Born in Haarlem the son of the painter Salomon de Bray, and most likely his pupil, Jan's adult life was littered with tragedy. His first wife, Maria van Hees, whom he married in Haarlem in 1668, died after only a year's marriage. He married for a second time in 1672, this time in Osdorp to Margaretha de Meyer but again, his wife lasted little over a year. In 1678 he married his third wife, Victoria Stalpert van der Wielen, the daughter of a distinguished Catholic family, but she died in childbirth after less than two years marriage in 1680. However, this last marriage did finally bear a son, Johan Lucas, although he is believed to have died young. Jan's personal finances fared little better than did his wives and he was declared bankrupt in 1689.

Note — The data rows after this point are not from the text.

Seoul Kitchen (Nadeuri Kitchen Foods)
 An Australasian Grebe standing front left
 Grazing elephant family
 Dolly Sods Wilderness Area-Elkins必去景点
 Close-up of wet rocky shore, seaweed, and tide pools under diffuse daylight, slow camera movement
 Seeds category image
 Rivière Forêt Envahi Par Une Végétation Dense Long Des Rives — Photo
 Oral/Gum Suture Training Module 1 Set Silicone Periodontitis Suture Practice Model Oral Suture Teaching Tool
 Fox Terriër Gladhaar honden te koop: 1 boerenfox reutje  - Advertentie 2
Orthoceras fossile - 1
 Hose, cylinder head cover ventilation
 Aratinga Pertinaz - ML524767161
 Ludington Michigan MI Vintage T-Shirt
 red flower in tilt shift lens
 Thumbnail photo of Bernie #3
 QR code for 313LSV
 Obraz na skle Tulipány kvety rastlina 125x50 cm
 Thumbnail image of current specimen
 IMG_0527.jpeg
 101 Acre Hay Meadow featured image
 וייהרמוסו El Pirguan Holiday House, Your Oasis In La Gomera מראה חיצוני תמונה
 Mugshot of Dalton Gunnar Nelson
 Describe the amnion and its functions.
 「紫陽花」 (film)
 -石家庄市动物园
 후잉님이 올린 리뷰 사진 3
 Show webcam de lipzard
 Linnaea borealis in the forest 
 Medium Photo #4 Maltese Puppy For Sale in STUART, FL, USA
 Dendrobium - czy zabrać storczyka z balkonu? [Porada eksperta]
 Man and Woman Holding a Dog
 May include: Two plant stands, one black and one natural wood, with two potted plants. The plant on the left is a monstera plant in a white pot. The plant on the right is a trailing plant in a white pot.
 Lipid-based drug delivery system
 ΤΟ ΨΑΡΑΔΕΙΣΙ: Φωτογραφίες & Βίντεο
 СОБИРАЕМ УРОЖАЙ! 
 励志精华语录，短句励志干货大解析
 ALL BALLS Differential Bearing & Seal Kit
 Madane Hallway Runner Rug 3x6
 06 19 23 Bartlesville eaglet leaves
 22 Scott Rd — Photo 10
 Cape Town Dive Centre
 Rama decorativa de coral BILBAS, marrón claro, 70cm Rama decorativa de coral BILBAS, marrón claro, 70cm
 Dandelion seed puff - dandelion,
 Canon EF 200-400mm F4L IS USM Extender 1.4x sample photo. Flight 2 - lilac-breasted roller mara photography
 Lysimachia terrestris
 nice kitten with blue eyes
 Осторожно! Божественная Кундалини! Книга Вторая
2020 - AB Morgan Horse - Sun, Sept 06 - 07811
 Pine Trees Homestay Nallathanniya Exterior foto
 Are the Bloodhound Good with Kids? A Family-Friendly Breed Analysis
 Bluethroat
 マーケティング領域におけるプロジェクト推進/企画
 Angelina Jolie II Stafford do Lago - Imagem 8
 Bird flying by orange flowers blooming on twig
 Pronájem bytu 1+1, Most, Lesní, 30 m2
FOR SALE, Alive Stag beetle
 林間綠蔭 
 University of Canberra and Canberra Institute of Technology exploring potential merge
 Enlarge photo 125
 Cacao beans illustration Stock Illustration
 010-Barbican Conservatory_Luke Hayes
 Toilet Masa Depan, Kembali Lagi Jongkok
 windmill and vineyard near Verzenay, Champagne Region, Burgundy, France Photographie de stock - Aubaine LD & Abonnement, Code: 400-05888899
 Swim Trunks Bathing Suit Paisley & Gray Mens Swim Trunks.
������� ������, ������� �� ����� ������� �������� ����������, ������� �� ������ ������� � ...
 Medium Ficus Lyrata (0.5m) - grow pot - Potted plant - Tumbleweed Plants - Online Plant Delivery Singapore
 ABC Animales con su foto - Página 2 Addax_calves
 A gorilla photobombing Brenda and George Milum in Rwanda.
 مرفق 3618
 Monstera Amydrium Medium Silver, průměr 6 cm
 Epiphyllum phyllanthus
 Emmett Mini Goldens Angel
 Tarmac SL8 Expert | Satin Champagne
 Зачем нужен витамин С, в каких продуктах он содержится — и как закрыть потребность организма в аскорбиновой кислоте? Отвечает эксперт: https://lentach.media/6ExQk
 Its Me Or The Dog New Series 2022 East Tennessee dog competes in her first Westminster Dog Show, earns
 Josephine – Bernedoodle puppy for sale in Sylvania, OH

All of this misfortune, however, did not prevent him from achieving considerable success in public life. As an outstanding portrait and history painter he was appointed warden of the Haarlem Guild of St. Luke in 1667, and was elevated to dean of the Guild on four separate occasions, in 1671-2, 1676, 1681 and 1684-5. In 1688, at the age of sixty-one, he was still working as an architect and in that year presented a detailed proposal to the burgomasters of Amsterdam on the construction of a freshwater reservoir near the Amstel river; he may thus be considered as the originator of present-day water towers. Such was his reputation in Amsterdam public life that he was appointed burgher to the city in 1692. He died in 1697 and was buried in Haarlem on 4 April in that year.
Although unidentified, the presence of the crucifix would suggest that the sitter in this work is a priest. Indeed, the very same crucifix appears on the desk in two other portraits of Catholic priests by De Bray, Portrait of Pieter van der Wiel of 1666, and Portrait of Josephus de Kies van Wissen of 1672, the former now in the Castle at Osnabruck, on loan from the Kaiser-Friedrich Museum, Berlin, and the latter in the Museum in Emden, likewise on loan from the Kaiser-Friedrich-Museum.1 The similarities continue to the clothing, with all three sitters wearing near-identical vestments.
We are grateful to Fred G. Meijer and Dr. Rudi Ekkart of the Rijksbureau voor Kunsthistorische Documentatie for endorsing the attribution to Jan de Bray following first hand inspection.
1. See J.W. von Moltke, 'Jan de Braij', in Marburger Jahrbuch fur Kunstwissenschaft, vol. 11/12, 1938/1939, cat. nos. 69, 70, reproduced figs. 10 and 14 respectively).